(What is needed):
Could the listing below be reproduced exactly, minus its pictures?

(Given material):
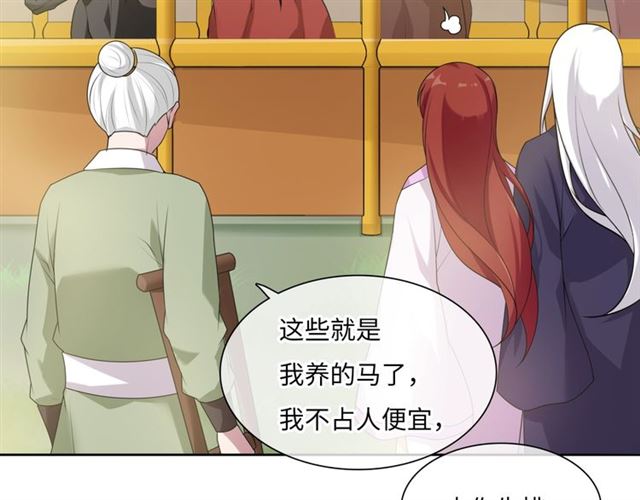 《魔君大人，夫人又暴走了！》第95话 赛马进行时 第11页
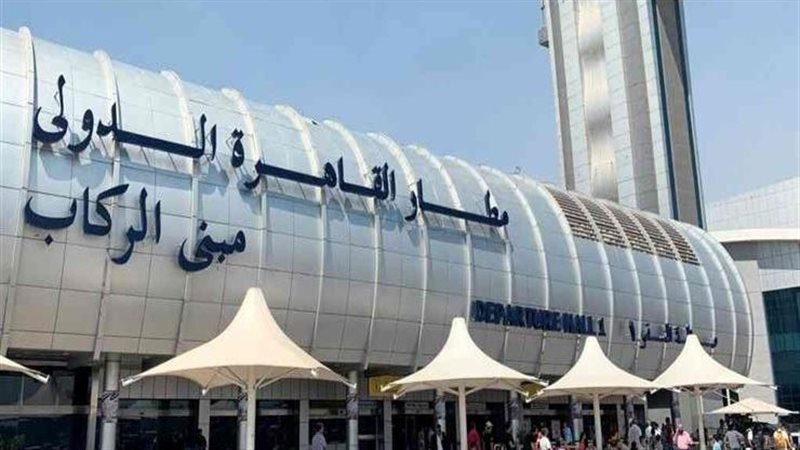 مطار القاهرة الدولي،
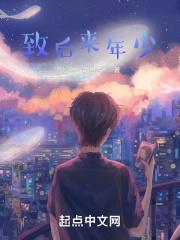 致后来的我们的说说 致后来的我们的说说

(Your response):
 《魔君大人，夫人又暴走了！》第95话 赛马进行时 第11页
 مطار القاهرة الدولي،
 致后来的我们的说说 致后来的我们的说说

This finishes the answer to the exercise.